Prompt =
Return exactly the lines from the "Damen Hummvee Ray Trikot II LTD (kurzarm)" line through the last line of the entries below. Include no pictures.

Records to use =
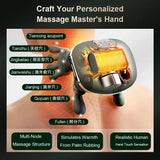 Electric Shoulder & Neck Massager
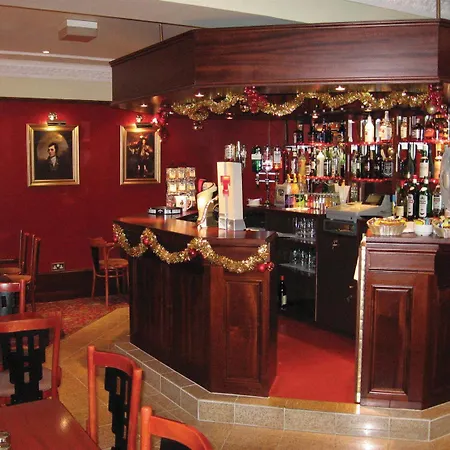 The Imperial Hotel 3*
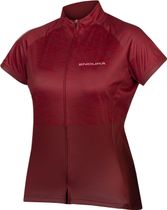 Damen Hummvee Ray Trikot II LTD (kurzarm)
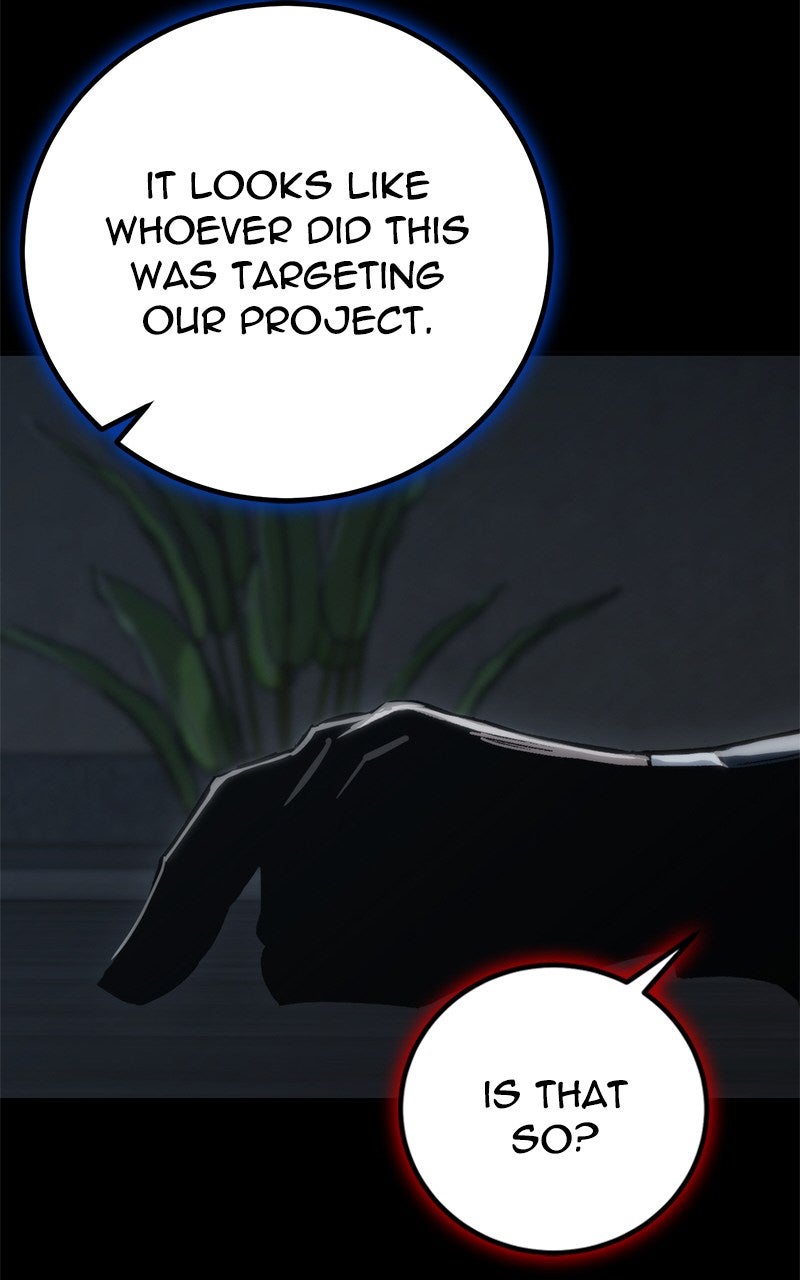 The Cleaner Episode 16 page 105 - 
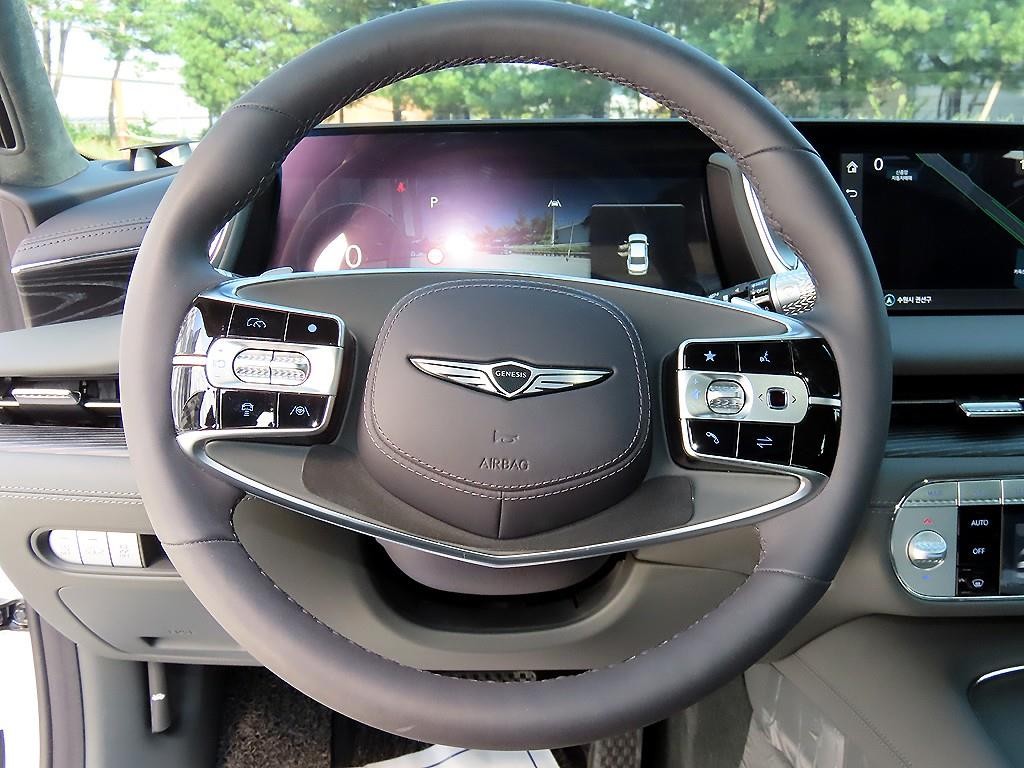 제네시스 G90 G90(RS4) 3.5T GDI AWD 이미지 8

Exercise result =
 Damen Hummvee Ray Trikot II LTD (kurzarm)
 The Cleaner Episode 16 page 105 - 
 제네시스 G90 G90(RS4) 3.5T GDI AWD 이미지 8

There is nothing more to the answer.